Submitted by minimaxir t3_z733uy in MachineLearning

I just published a blog post with many academic experiments on getting good results from Stable Diffusion 2.0, showing that negative prompts are the key with its new text encoder:

https://minimaxir.com/2022/11/stable-diffusion-negative-prompt/

I also released Colab Notebooks to reproduce the workflow and use the negative embeddings yourself (links in comment due to antispam filters for too many URLs)

182

Comments

You must log in or register to comment.

sam__izdat t1_iy5dmp7 wrote

You may get generally better results if you remove the nonsense from the embedding, like "too many fingers" and "bad anatomy." It made some people on /r/StableDiffusion very angry, but I ran a comparison for those (several, actually), and it went exactly as expected. Some of the words in the original embedding (e.g. lowres, text, error, blurry, ugly, etc) are probably doing something like what was intended. Most of the rest are a superstitious warding ritual.

55

ReginaldIII t1_iy5li80 wrote

That is both hilarious and a really interesting result. Thanks for sharing this.

How did you search for that improved negative prompt?

It would be interesting to see a third column for the same prompts/seeds without any negative prompt as a baseline.

15

sam__izdat t1_iy5lq3w wrote

Just typed in literally the first nonsense that came to mind. I doubt there's anything special about it. I imagine a string of random characters will have roughly the same effect.

To be clear, I was just comparing the finger situation. Words like "ugly" do seem to have an effect -- i.e. it seems to smooth out faces, remove blemishes and wrinkles and generally makes people look a little more like headshots of supermodels, in my limited testing.

18

ReginaldIII t1_iy5motj wrote

What metric are you using to say this is an improved prompt? I think it's fair to say it is somewhat comparable but I think you'd need a set of metrics to define an improvement.

A proportion of N images produced where the hands were correct. Or a comparative user study where participants see the image pairs side by side randomly swapped and choose which they prefer.

And it definitely needs a comparison to a baseline of no negative prompt.

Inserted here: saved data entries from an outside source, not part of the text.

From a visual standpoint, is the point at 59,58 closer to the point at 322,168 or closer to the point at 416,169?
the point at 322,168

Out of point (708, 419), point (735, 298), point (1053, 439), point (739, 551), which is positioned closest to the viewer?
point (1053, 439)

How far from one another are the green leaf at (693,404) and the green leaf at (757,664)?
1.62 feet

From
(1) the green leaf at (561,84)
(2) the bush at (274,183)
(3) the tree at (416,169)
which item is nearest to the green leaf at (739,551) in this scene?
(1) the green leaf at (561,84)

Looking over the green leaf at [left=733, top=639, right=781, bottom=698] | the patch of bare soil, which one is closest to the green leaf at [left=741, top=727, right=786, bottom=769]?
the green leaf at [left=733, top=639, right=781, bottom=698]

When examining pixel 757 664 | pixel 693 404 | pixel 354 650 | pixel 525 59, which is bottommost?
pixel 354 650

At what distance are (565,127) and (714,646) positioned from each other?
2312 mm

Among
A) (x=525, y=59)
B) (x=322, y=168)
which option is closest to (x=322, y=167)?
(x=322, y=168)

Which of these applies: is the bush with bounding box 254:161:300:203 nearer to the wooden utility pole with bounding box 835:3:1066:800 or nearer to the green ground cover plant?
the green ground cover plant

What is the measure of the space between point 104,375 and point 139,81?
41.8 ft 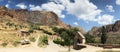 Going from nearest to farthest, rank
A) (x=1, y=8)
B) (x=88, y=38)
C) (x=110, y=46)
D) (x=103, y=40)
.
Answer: (x=110, y=46) < (x=103, y=40) < (x=88, y=38) < (x=1, y=8)

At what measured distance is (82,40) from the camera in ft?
169

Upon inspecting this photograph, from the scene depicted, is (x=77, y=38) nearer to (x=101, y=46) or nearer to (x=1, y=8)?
(x=101, y=46)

It will also be interesting to see if this still applies to SD 2 since it uses a different language model.

3

sam__izdat t1_iy5ms2r wrote

> What metric are you using to say this is an improved prompt.

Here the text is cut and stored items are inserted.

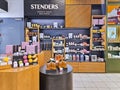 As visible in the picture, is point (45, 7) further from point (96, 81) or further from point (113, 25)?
point (96, 81)

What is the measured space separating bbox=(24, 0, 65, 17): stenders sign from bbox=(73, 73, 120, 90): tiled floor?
2.85m

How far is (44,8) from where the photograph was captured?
8.32 meters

It isn't an improved prompt. It was just a silly joke and a spoof on a research paper. Like you say, I think they are comparable -- that is, equally useless for correcting terrible hands. At least on the base model. I don't know how the anime ones are trained, so maybe that's different if someone actually went and captioned anatomical errors.

9

ReginaldIII t1_iy5nmcv wrote

I hate that I'm going to be "that guy" but it's not obvious enough that it's just a joke because it does actually produce reasonably similar results. "Improved" is, at least from this, somewhat plausible so I would be careful saying it because you don't actually mean it seriously but that isn't clear.

You'd have been dunking on them just as well if you'd said a bullshit random prompt performs comparatively.

2

sam__izdat t1_iy5nsm3 wrote

It wasn't my intention to deceive anyone. I thought it was pretty clear that this is humor and not serious research.

6

JanssonsFrestelse t1_iy73zgf wrote

Should have used the negative prompt "a bullshit random prompt that performs comparatively"

2

sam__izdat t1_iy5q0d5 wrote

> It would be interesting to see a third column for the same prompts/seeds without any negative prompt as a baseline.

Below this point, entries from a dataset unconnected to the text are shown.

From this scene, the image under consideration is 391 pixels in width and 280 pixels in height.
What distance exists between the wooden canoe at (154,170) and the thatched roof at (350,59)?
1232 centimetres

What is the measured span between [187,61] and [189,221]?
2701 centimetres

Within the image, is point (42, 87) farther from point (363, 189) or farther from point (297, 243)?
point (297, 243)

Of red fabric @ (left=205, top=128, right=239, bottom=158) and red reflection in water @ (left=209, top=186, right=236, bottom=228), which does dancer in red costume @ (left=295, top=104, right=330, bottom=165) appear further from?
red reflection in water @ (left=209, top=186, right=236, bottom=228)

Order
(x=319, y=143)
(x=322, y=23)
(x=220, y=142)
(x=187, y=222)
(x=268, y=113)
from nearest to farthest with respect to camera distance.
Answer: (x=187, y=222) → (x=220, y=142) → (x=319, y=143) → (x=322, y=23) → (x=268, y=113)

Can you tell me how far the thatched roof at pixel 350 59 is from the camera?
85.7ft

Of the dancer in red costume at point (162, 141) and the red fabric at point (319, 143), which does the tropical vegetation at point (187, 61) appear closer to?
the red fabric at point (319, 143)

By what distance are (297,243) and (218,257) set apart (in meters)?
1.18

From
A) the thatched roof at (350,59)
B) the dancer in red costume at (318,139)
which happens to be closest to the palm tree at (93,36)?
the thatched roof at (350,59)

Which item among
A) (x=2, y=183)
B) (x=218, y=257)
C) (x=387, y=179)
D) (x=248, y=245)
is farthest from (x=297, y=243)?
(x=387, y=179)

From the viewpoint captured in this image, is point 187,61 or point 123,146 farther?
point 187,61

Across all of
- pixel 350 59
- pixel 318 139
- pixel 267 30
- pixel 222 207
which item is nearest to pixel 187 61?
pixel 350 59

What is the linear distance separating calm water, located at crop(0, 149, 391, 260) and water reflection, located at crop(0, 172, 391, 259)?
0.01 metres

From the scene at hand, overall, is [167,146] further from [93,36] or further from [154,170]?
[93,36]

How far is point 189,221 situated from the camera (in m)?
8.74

Oh, and I don't have any with three columns, but here's one of the "too many fingers" prompt vs no negative prompt. Apologies for the lazy layout.

2

ReginaldIII t1_iy5si81 wrote

I do think there's something interesting here, the presence of a negative prompt does seem beneficial.

I wonder if, having "any" negative prompt is almost taking up some of the "slack" in the latent manifold. A better defined negative prompt might have some diminishing returns with regard to quality. But it does seem to have the ability to significantly influence the style, colour palette, and composition of the images.

1

sam__izdat t1_iy5swts wrote

Fingers aside, I don't see much improvement, but if there is any -- and I am only guessing -- I reckon "blurry" and "ugly" are pulling a lot of weight. If you do something like:

> ugly, hands, blurry, low resolution, lowres, text, error, cropped, worst quality, low quality, jpeg artifacts, long neck [etc]

- it will definitely have a pronounced effect. Is it the one you want? Well - maybe, maybe not. But it does seem to make things more professional-looking and the subjects more conventionally attractive. It'll also try to obscure hands completely, which is probably the right call all things considered.

And on top of that there's also the blue car effect. It's entirely possible that putting in "close up photo of a plate of food, potatoes, meat stew, green beans, meatballs, indian women dressed in traditional red clothing, a red rug, donald trump, naked people kissing" will amplify some of what you want and cut out some of what's (presumably) a bunch of irrelevant or low-quality SEO spam. Here's somebody's hypothesis on what might be happening.

1

ReginaldIII t1_iy5w27q wrote

I would argue for the images in the blue car post, that while the cars themselves reached a good fidelity and stopped improving, the backgrounds really improved and grounded the cars in their scenes better.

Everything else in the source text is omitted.